One way to survive lean times: Keeping your operation lean
Posted On February 26, 2019
When the housing market crashed in 2008, Mobile builder Rogers & Willard found themselves in the same situation as pretty much every other construction company in America.
After the crash, the company limped through 2009 on only a third of the revenue it had enjoyed in 2008. Times were lean. But fortunately for Rogers & Willard, “lean” is something with which it was already familiar.
Our guest in a recent episode of “What’s Working with Cam Marston,” Rogers & Willard president Mike Rogers says the company survived those tough years by keeping its operation lean as a matter of principle, by adhering to its company motto: “Built Lean. Build Smart.”
“Even though revenue dropped by 70 percent,” he says, “we were still profitable.”
How did they do it?
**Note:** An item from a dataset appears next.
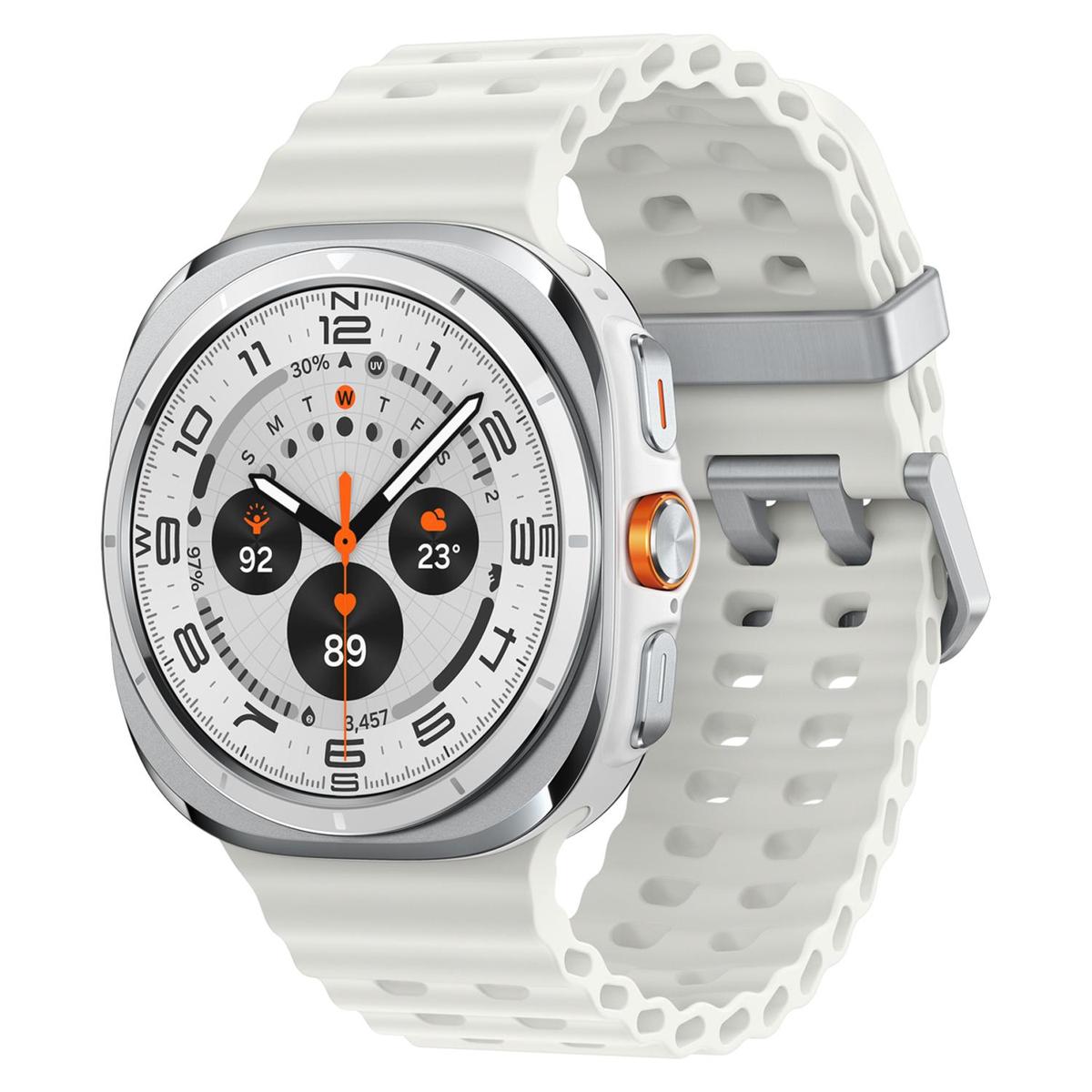 Samsung Galaxy Watch Ultra 2025 47mm LTE - White - Image 2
By not getting desperate and taking on bad projects, Rogers says, and by having the foresight to have diversified their client base before the crash hit, so they weren’t just tied to the local market.
Now that the market is rolling again, there is a different set of problems: Keeping up with demand and finding enough skilled labor. “If you are a skilled craftsman and you become really good at your craft,” Rogers says, “and then you couple that with all the other characteristics employers look for – being trustworthy, friendly, able to communicate well – I firmly believe you will never be out of work.”
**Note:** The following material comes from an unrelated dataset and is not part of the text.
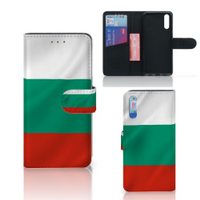 Huawei P20 Bookstyle Case Bulgarije - thumbnail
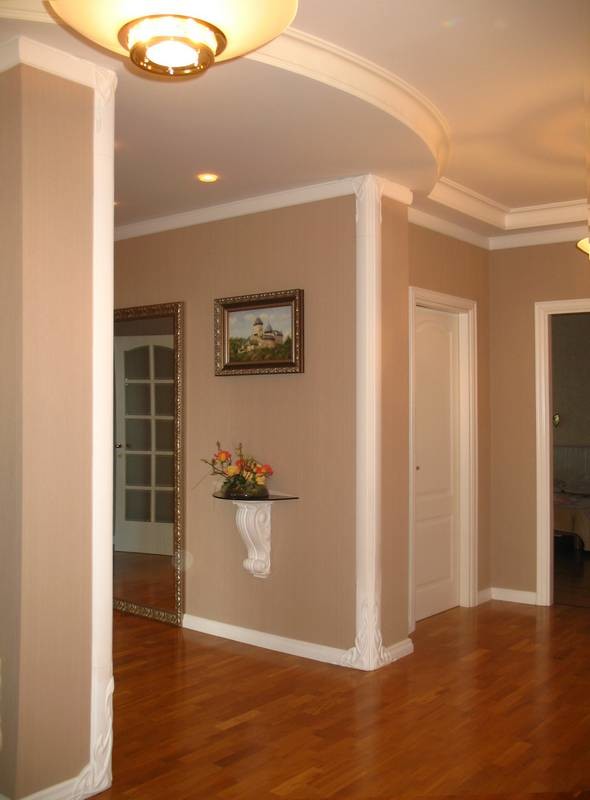 Интерьер 4-х комнатной квартиры, ул. Минина (фото)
In a wide-ranging discussion on the construction business, Rogers also shares the effects that automation may have on the industry, the pros and cons of modular housing, the character traits of a successful builder, and his passion for community revitalization. He and a partner have taken on revitalization efforts in a 16-block area on the edge of Mobile’s Oakleigh neighborhood, and Rogers & Willard now has its office located in an old, restored Buick dealership downtown.
While the construction business, like most industries, can have its ups and downs, one adage tends to hold true, Rogers says: “If you do a good job, they keep coming back.”